@dom96:

> it's really hard to gauge which language is truly faster among the top 
> 10(20?30?). I suppose the take away is: they are all pretty much on par.

How do you see that? In order to qualify for actual comparison, contributions 
must be single-threaded/base/faithful-to-base so from your link above for the 
fastest AMD Ryzen 5950X CPU (at 4.9 GHz turbo single-threaded), the rankings 
for the qualifying implementations are as follows for today:

  1. Rust: 69480 passes in five seconds.
  2. Nim: 67107 passes in five seconds.
  3. Zig: 66162 passes in five seconds.
  4. Haskell: 58367 passes in five seconds.



with the next closest at my contribution for the V language at 45657 and only 
my contributions for Chapel, Julia, and Crystal, as fast as half the speed of 
the leaders.

That seems pretty definitive to me that there are only four leaders and only 
four other languages that come anywhere close.

The relative results vary about +/- 1000 from day to day for tests on this CPU 
due to variations in the run time environments, such as applications in use, 
memory in use, order of use, state of the Garbage Collector if used, etc. and 
with the variations slightly higher than usual due to being run on a Hyper-V 
virtual machine, but the relative rankings stay about the same.

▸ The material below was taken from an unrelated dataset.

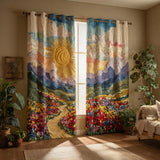 Cortinado Acolchoado Floral Caminho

Some languages such as V and Chapel are held back by not having macros so that 
one can easily implement the full "dense culling" algorithm for small base 
prime values up to 127 and is limited to only base prime values up to 19 with 
the dense culling code using a prefix code generation step that stopped at this 
level due to the code size getting so large; for Julia, I had to limit the 
"dense" prime threshold value to only 13 because being an Ahead-Of-Time (AOT) 
compiled language, the optimization is reduced for too large macro generated 
code file sizes to reduce the amount of time one waits for code compilation 
before the code starts running. This is also why there aren't faster C/C++ 
versions as without true AST macros, one would have to resort to code 
generation and no one has seemed to have enough interest to do that; if someone 
did that for them, they should be somewhere in the rankings close to the V 
language (or all the way to the top for huge generated code sizes as for from 
Nim's macros) at the cost of ugly code.